No, I, uh, my sense is just the velocity of the plane and the fact that you have a plane filled with fuel hitting that building, uh, that burned, uh, the velocity of that plane, uh, certainly, uh, uh, had an impact on the structure itself, and then the fact that it burned and you had that intense heat, uh, probably weakened the structure as well, uh, and I think it, uh, was, uh, simply the, uh, the planes hitting the buildings… causing the collapse.

Other examples are the many youtube videos of pumpkins and other fruits and vegetables being shot through pickups, proving how fast moving objects can travel through steel.

The trouble with the velocity theory is that planes are impossible to control and lose their engines at the speeds ascribed to the hijacked planes of 9/11. I mean physically lose their engines. They break off. And the plane that hit the Pentagon has its very own set of problems that even a Sully Sullenberger couldn’t overcome should he have been the unfortunate pilot at the help of Flight 77.

All that being said, I’m not blogging today to make a point about how planes hit the towers, or argue for or against specific conspiracy theories and how they stack up against the debunkers on the other side. I’m blogging about a teacher in Newburyport who in 2017 made the decision to include mention of Flight 175 in a math problem about calculating flight velocity.

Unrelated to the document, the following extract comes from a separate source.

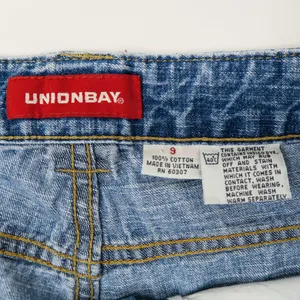 Vintage 90s Union Bay Denim Carpenter Shorts thumbnail 8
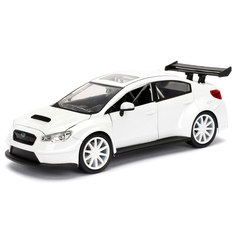 Модель машинки Jada Toys Форсаж 1:24 FF8 Subaru WRX 0801310982969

After a hew and cry from parents, even the superintendent of schools was forced to apologize.

“This was an exercise of poor judgment by the educator who intended to use the historical event as a mechanics to engage students in a thoughtful discussion,” Superintendent Viccaro said in a statement.

I can tell you from personal experience, people do not want to know the details about the towers falling, the Pentagon, or the planes. As time goes on, I feel less of a conspiracy theorist and more of a heretic. Science and open discussion might have been the biggest victims of the events of September 11, 2001.